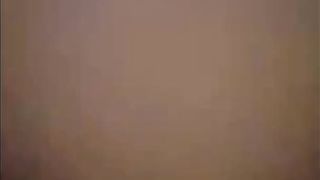 【69堂午夜视频】躺在妹妹的大腿上抬头看着她的若隐若现的奶子，手不自觉伸进妹妹的胸里，妹妹半推半就又被我内射了！！！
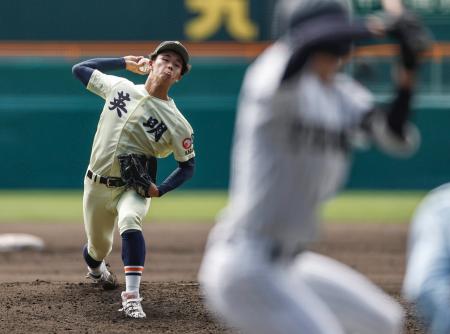 <p>　東北戦で完投した英明・松本倫＝甲子園</p>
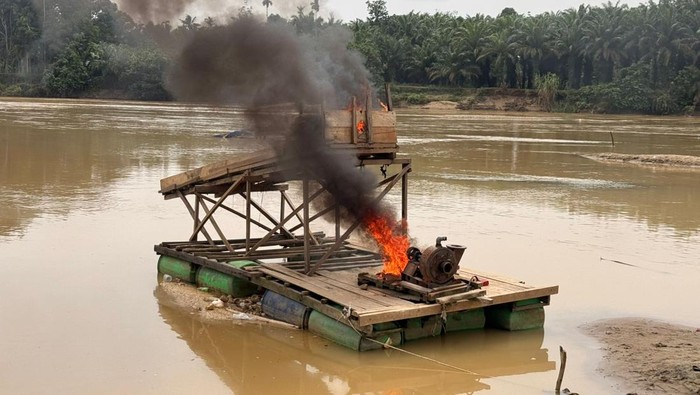 Polsek Cerenti memusnahkan puluhan rakit PETI yang beroperasi di Sungai Kuantan, Kabupaten Kuantan Singingi, Riau, pada Selasa (9/6/20266).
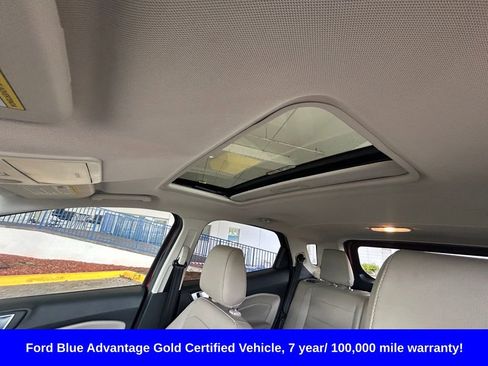 Used 2021 Ford EcoSport Titanium image 12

* * * * * * *

## Exercise
Retype the whole listing above exactly as written. Skip the pictures.

## Exercise solution
 【69堂午夜视频】躺在妹妹的大腿上抬头看着她的若隐若现的奶子，手不自觉伸进妹妹的胸里，妹妹半推半就又被我内射了！！！
 <p>　東北戦で完投した英明・松本倫＝甲子園</p>
 Polsek Cerenti memusnahkan puluhan rakit PETI yang beroperasi di Sungai Kuantan, Kabupaten Kuantan Singingi, Riau, pada Selasa (9/6/20266).
 Used 2021 Ford EcoSport Titanium image 12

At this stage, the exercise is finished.